A Climate Change Lost Decade

Published by under General Science

It’s fun and interesting to look back over the last decade and think about what has happened and how far we have come. Round years are arbitrary, but it’s a sufficient trigger to take stock and hopefully gain some perspective on the medium course of history. There is a lot to say about the 2010s, and I may take the opportunity to say more, but I want to discuss in this essay what is perhaps our greatest challenge and disappointment over the last decade. In many ways this has been a lost decade for climate change mitigation.
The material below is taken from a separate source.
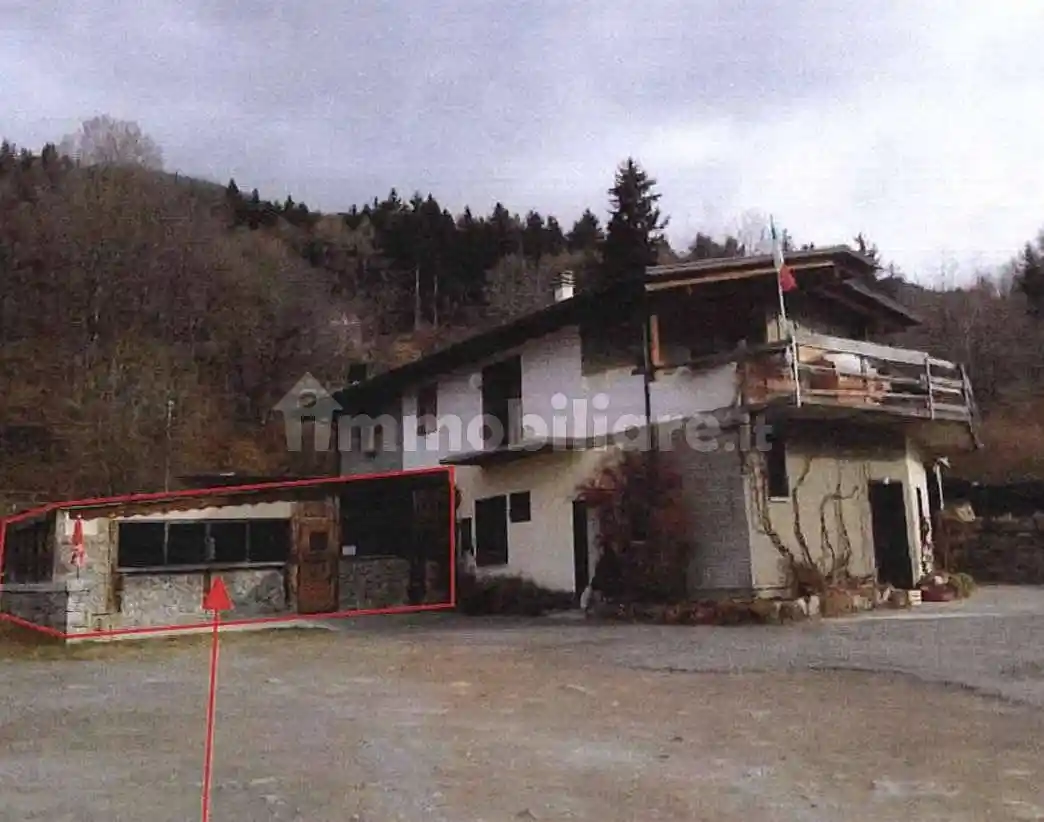 Palazzo - Stabile in vendita a Cevo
Over the last decade the scientific evidence (and resulting consensus) that the planet is warming, that humans are the primary driver of this trend, and that the consequences are not likely to be good, has only become greater. The last five years have been the hottest five years on record, and this has been the case for most of the last decade. The year 2016 was the hottest, because it was an El Niño year (short term fluctuations will still be overlaid on top of the longer term trend) but the trend is unmistakable. The story of the world’s ice is more complex, with greater regional and year-to-year variations, but total global ice has been decreasing, and if anything accelerated over the last decade. The Greenland ice sheet in particular experienced accelerated melting. As a result there is a real and growing scientific consensus, north of 97% among relevant scientists, that anthropogenic climate change is happening.
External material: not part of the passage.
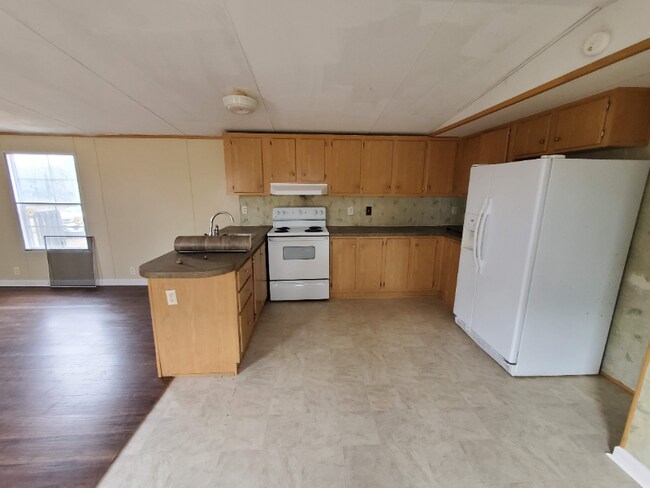 Building Photo - 25 Buttercup Dr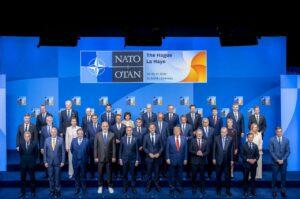 Foto de familia de los jefes de Estado y/o de Gobierno de los Estados miembros de la OTAN. (Foto: Pool OTAN)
We are also experiencing more extreme weather events. We are seeing more droughts, fires, heat waves, and more powerful storms. In the last decade it become clear that, while the worst consequences of climate change are decades and even centuries in the future, we are starting to see real consequences now.
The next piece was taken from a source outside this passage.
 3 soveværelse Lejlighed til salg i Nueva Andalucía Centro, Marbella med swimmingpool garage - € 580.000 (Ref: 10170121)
Economists have started to weigh in as well. Numerous studies were published over the last decade, concluding that – climate change will cost the world many billions of dollars and will reduce economic growth, costing even more. Further, the option of allowing climate change to happen and adapting to the results will likely be the costliest option. In addition to the monetary cost, there is a quality of life cost. Extreme weather causes displacement, psychological trauma, and social upheaval. If you think we are having a refugee crisis now, just wait as flooding increasing and more locations become essentially uninhabitable.